▶ Work item: Only the pictures are dropped; the lines of the material that follow are returned exactly.

▶ Provided data:
.....

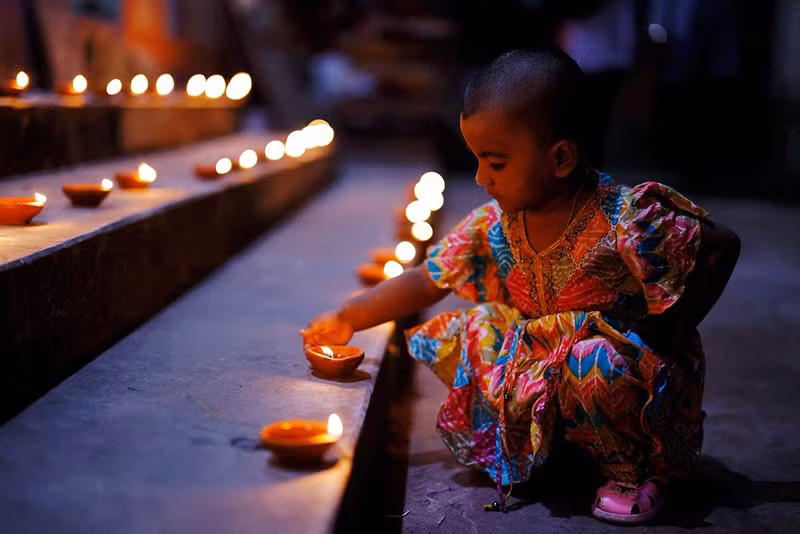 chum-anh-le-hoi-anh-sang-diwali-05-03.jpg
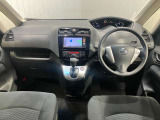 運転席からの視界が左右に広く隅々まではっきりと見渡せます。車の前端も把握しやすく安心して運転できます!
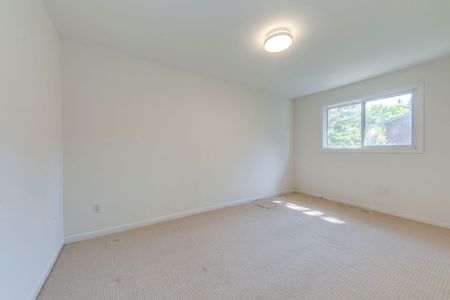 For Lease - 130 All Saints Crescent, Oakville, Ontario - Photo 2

.....

▶ Exercise output:
 chum-anh-le-hoi-anh-sang-diwali-05-03.jpg
 運転席からの視界が左右に広く隅々まではっきりと見渡せます。車の前端も把握しやすく安心して運転できます!
 For Lease - 130 All Saints Crescent, Oakville, Ontario - Photo 2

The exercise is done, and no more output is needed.